There are at least a couple of other examples of similar projects:

NES -> native executables: http://andrewkelley.me/post/jamulator.html

x86/Windows starcraft -> arm/Linux for openpandora: https://pyra-handheld.com/boards/threads/starcraft.73844/

(Tools used for this: https://github.com/notaz/ia32rtools)

For a lot of consoles, particularly older ones, this tends to yield worse performance than a JIT. Between different memory layouts, weird threaded code, jump tables, (and especially) self modifying code, a JIT can do a much better job building efficient code since it has all of the runtime information.
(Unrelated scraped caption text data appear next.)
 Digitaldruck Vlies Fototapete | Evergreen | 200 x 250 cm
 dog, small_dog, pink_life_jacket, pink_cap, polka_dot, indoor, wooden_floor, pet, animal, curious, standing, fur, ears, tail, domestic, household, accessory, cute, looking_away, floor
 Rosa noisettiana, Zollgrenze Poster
For newer consoles which more closely resemble PC hardware, things are definitely better; the current generation will basically look like the Starcraft port; an API compatibility layer.
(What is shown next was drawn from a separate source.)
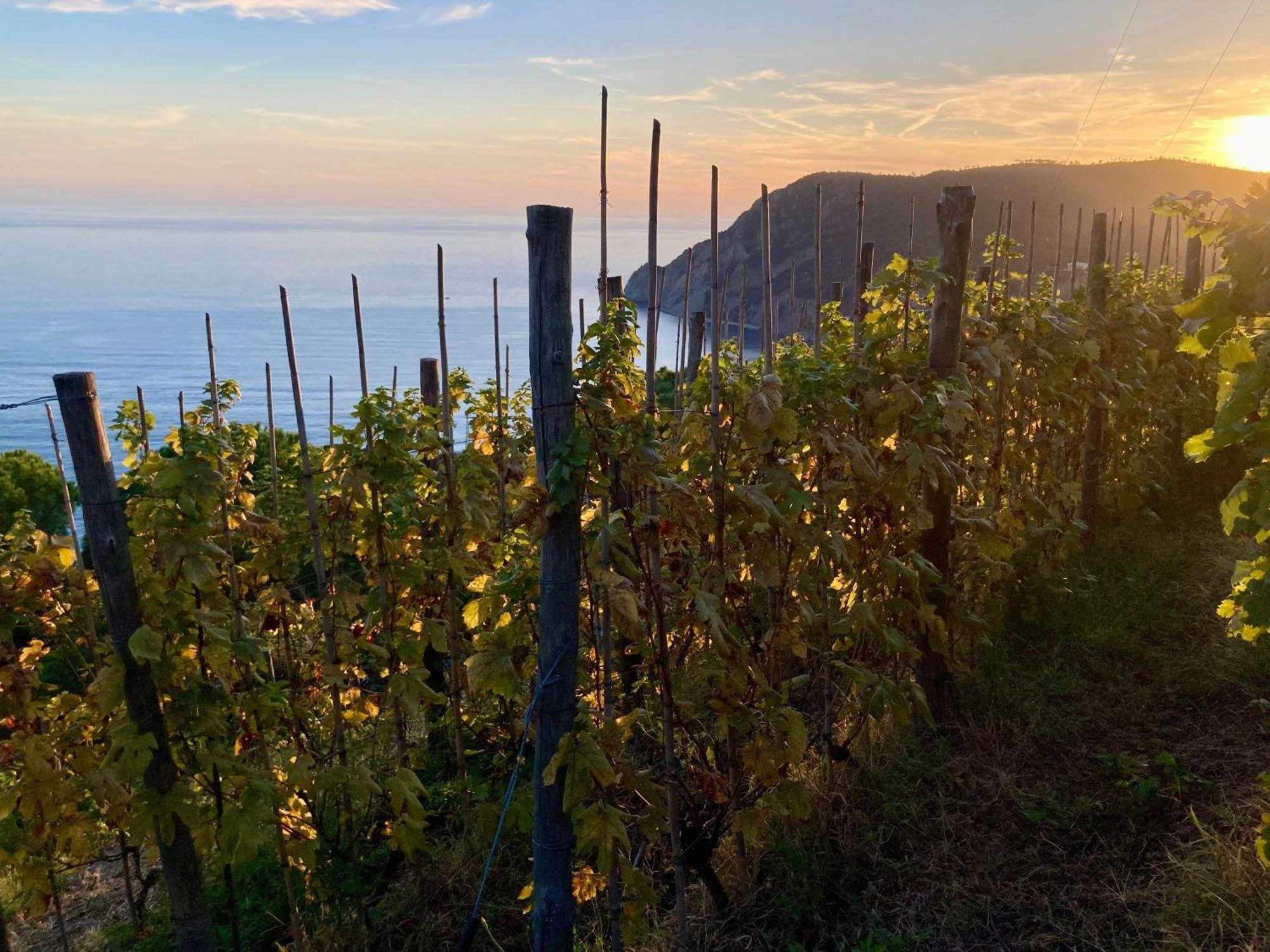 Villa Pietrafiore Monterosso al Mare Luaran gambar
Honestly, I think the emulator approach is a lot better -- you can do a lot more with JIT than trying to translate instructions AOT 1:1.


Yeah - as evidenced by the NES story the other day, the elegance of AOT blows up completely as soon as there's any form of self-modifying code or even memory arithmetic tricks or jump tables. It's all possible to work around, but JIT is cleaner and more flexible in the long run.


I'm fairly sure that the 360 specifically did not allow self modifying code. Makes it a good candidate for this approach.


In the case of self-modifying code, I wonder if the techniques behind profile-guided optimisation could work for decompilation:

https://en.m.wikipedia.org/wiki/Profile-guided_optimization

In other words, you create a JIT to run the executable, building a profile of the execution paths at runtime, and use that profile to guide a static decompilation process. That way it should be easier to identify the sections of self-modifying code, as well as model the behaviour of this code.

The only difficulty I can see is how much time it might take to map out all the code paths, but in principal it's possible, and there may be some efficient approaches for doing so.


This is an emulator. It looks very promising... we'll see how long it takes.


Seems like the core part is a static recompiler, probably with emulation of the extra hardware tacked on.